Author:David Lammy
35-year-old Mozi Haynes set to return to Saint Vincent and the Grenadines despite having lived in Britain for most of his life and being main carer for his mother, who has cancer
The son of a Windrush-generation immigrant is planning to leave the UK tomorrow amid threats of deportation, despite ministers’ reassurances that no one with the right to stay in the UK will be removed, an MP has said.
Ruth Williams, 75, said she felt “betrayed” by Britain after the Home Office twice turned down applications for her 35-year-old son, Mozi Haynes, to remain in the country.
Amid rising anger over a government clampdown on Windrush-era immigrants who do not have UK paperwork, ministers assured MPs on Monday that they were not aware of any deportations and that no one would be removed from the country if they had a right to remain.
Ms Williams is understood to have cancer and said she relies heavily on her son for support.
“I feel betrayed and a second class citizen in my own country,” she said. “This makes me so sad and the Home Office must show some compassion.

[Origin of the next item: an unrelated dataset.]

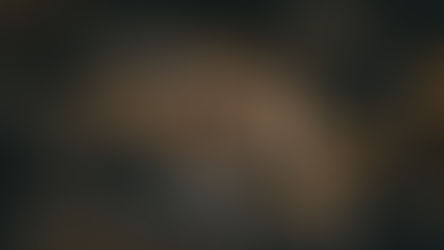Tiger resting in a creek in Ranthambore, India, on Elegant Escape, the best luxury Travel Blog.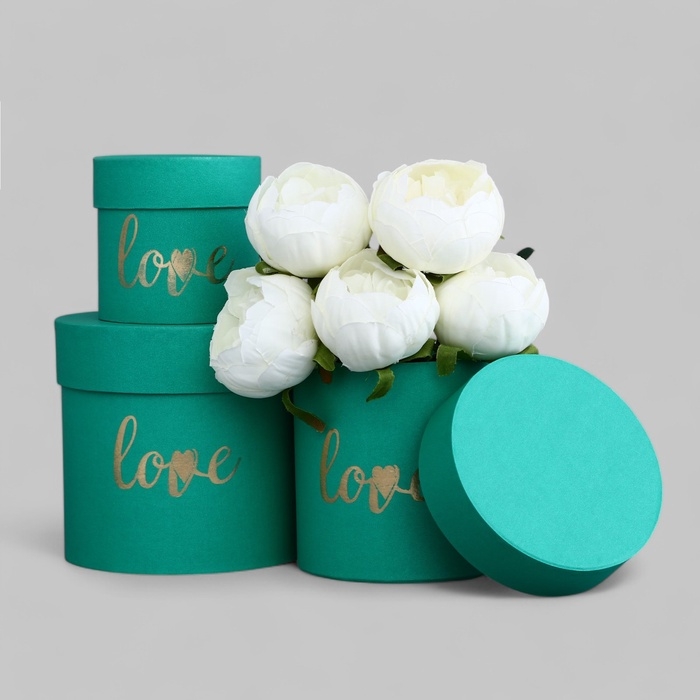 Набор шляпных коробок Love 3 в 1 зеленый, 15 х 16 - 10,5 х 11 см Набор шляпных коробок Love 3 в 1 зеленый, 15 х 16 - 10,5 х 11 см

“I am unwell and almost 75, I live on my own and I need my son to stay here. I need my family around me and I can’t face being alone. He has applied to the Home Office and been refused twice.”
According to his mother, Mr Haynes applied for British citizenship in 2016 but was rejected, despite Ms Williams having lived in the UK almost permanently since arriving from St Vincent and the Grenadines in 1959.
Mr Haynes said he had bought a ticket back to that country amid fears he would be deported.
He told LBC: “Every knock on the door, you think they’re coming to get you; every car that pulls up outside, you think it’s them.
“I’ve been living in this hostility – it’s the only world I know. I love Britain, its been my home for so long, I don’t really know anything else, but it is hostile.”